A deep current of happiness has run through the days of this month. I have been happy beyond reason. But then, I suppose feelings are never subject to the whims of circumstance. Good thing, this.
There is always more to do than I can manage in a timely manner. Even so, I’ve watched myself move through a formidable list. It’s been a nicely balanced month of home time and touring, time with my children and with friends, and time in sweet solitude. The month has brought performances for both children and adults, and a comfortable balance of creative work and creating of order in my surroundings. And enough snowshoe forays into the woods, shoveling of snow, and carrying of wood for the wood stove to keep my body feeling strong and well. Two nights ago, after a couple of days of a very late January thaw, the snow and ice on my roof let go in a roar that sounded like a freight train thundering across my very doorstep.
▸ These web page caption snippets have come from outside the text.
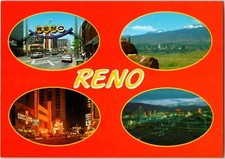 Postal de colección de 4 horizontes del hotel Downtown Casino Reno Nevada de los años 70, vista a la calle
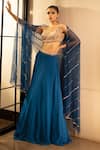 Buy_Richa Jaisinghani Label_Blue Georgette And Net Embroidery Beads & Sequin Waistband Lehenga Set  _at_Aza_Fashions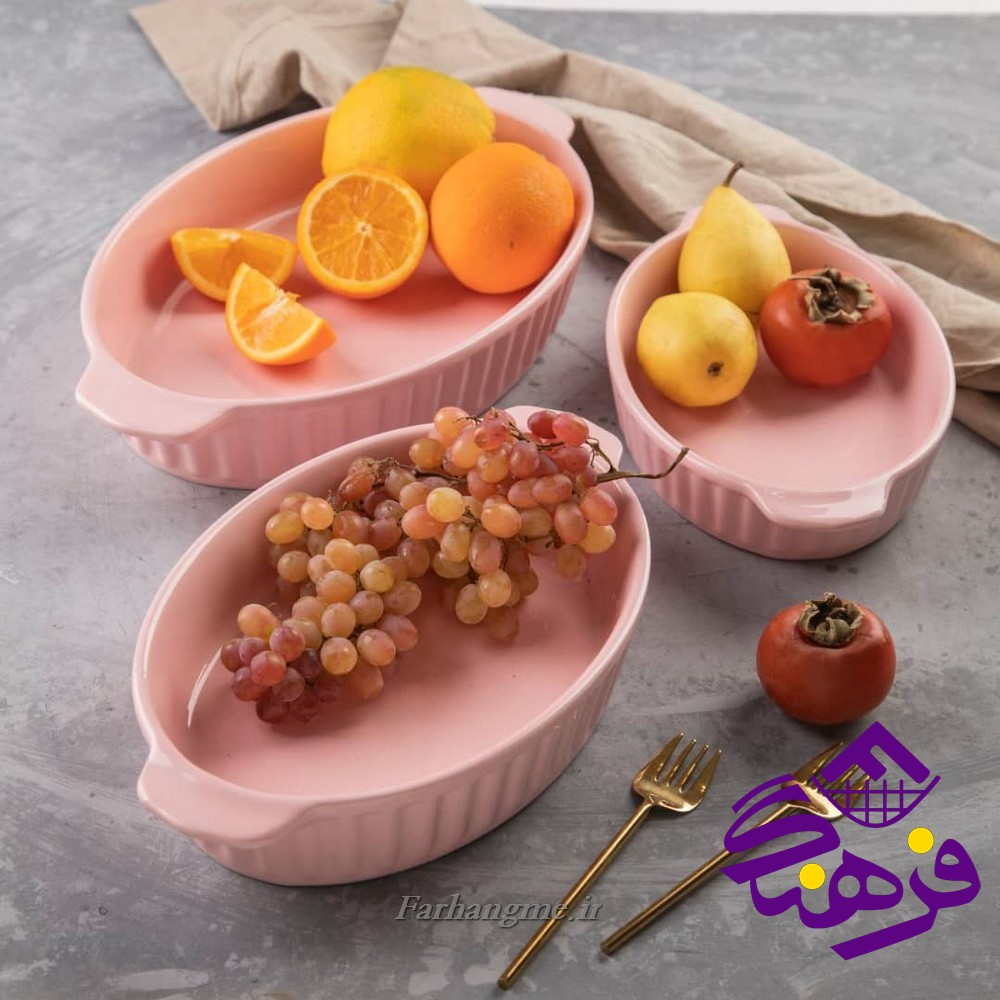 تابه کائولين بيضي شياردار متوسط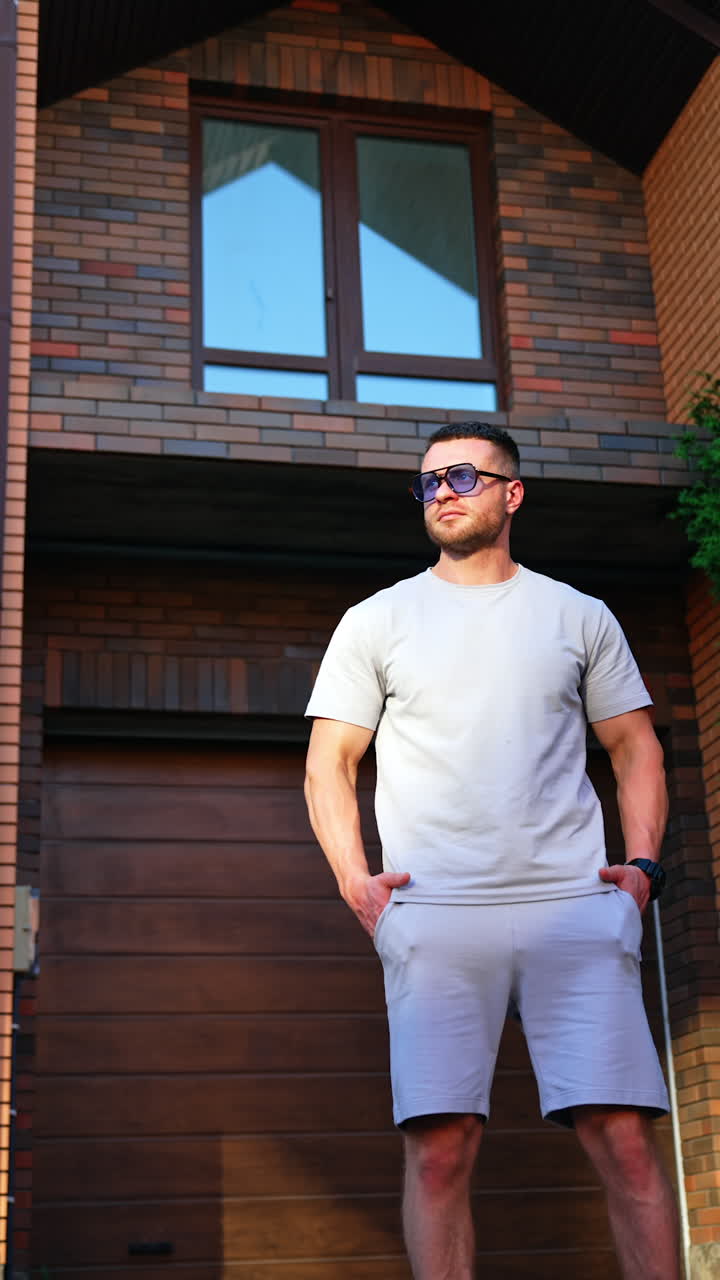 Caucasian muscular man stands outdoors wearing a shirt and shorts. Male model demonstrates summer sportswear. Vertical video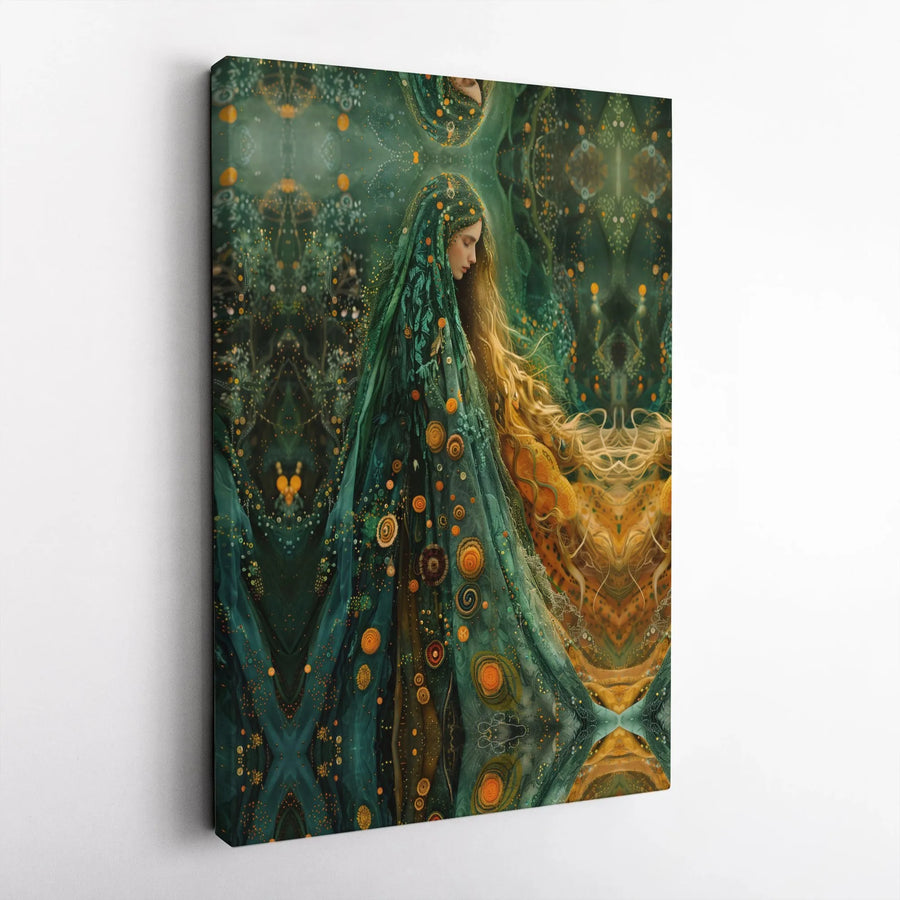 Fantasy Nature Goddess Canvas Art | Ethereal Forest Deity with Golden Hair | Premium Gallery-Wrapped Print | Enchanting Boho Home Decor Wall Art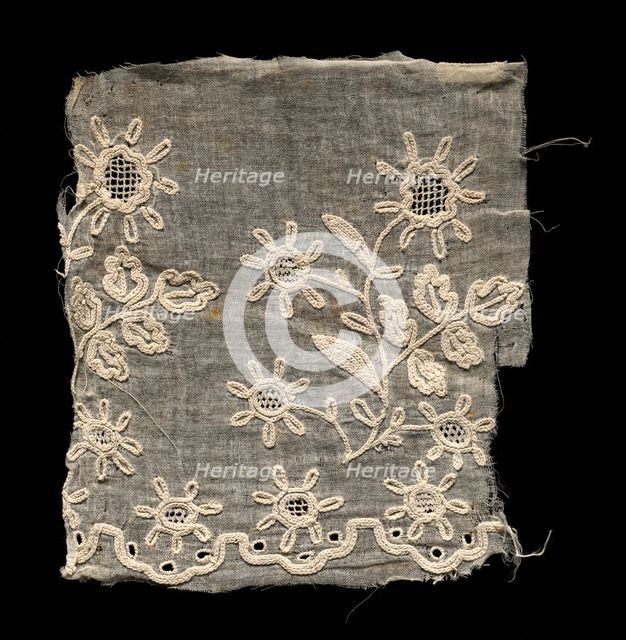 Embroidered Fragment, 18th-19th century. Creator: Unknown.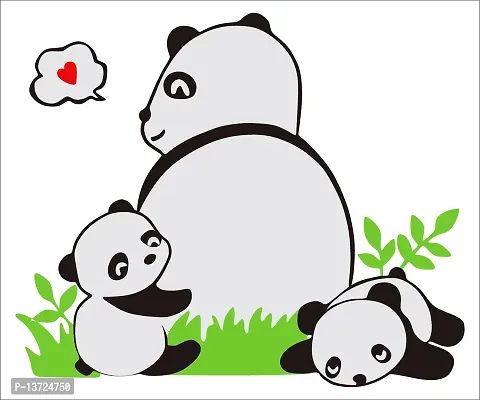 Beautiful Baby Panda Leaves Loving Panda Mom Wall Sticker  63X76 Cm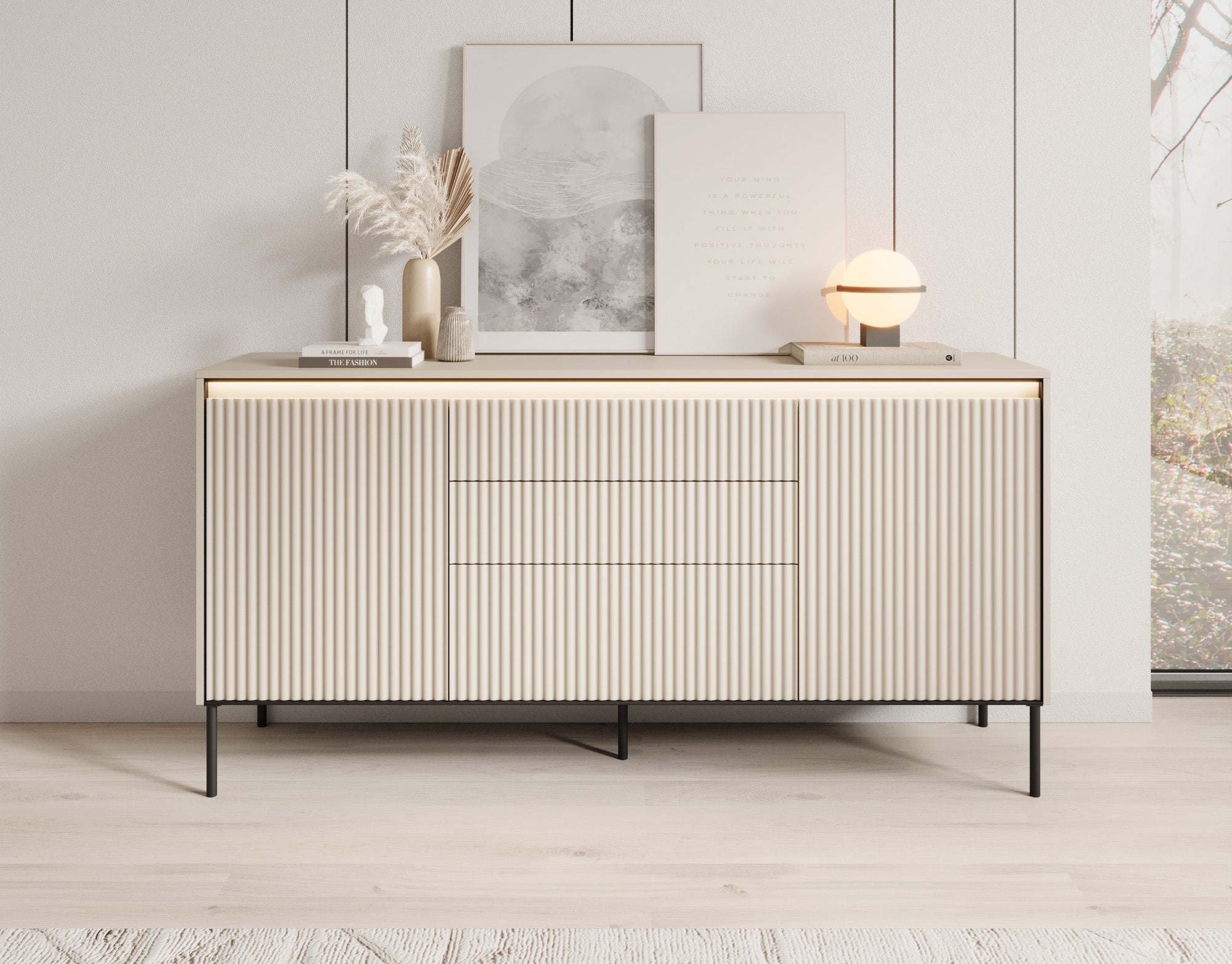 Timoteo - Dressoir - Beige - 166x40x83 cm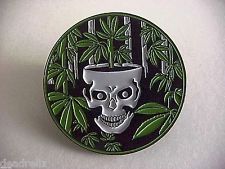 Rainforest Skull Weed Hat Pin - HalfMoonMusic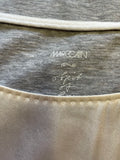 MARCCAIN GREY WITH SILK FRONT CRANE PRINT CAP SLEEVE TOP SIZE 2 UK 10/12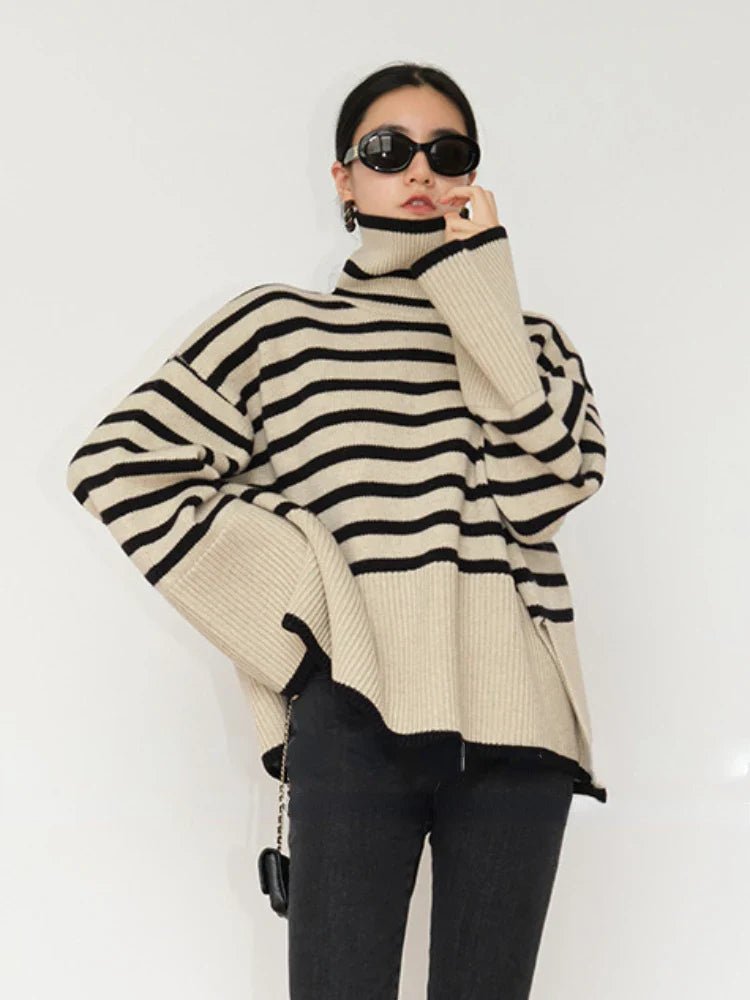 Striped Turtleneck Loose Pullover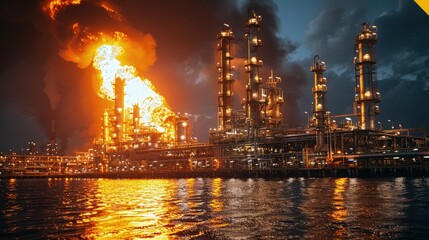 Night Scene Showing Gas Flare Burning at Oil Refinery, Industrial Process. Gas Flare.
The next morning a friend arrived and asked me why I had parked my car in a snowbank. Going outside, I found the front end of my car encased in snow, and underneath the car, behind the front wheels, a veritable glacier of ice that had skidded there in the force of the crash. I attacked it with a crowbar—I knew that thing I’d found in the woodshed would come in handy someday. What an adventure breaking the glacier into movable pieces and levering it out from underneath the car. By the looks of it I’d thought I wouldn’t be able to go anywhere until April!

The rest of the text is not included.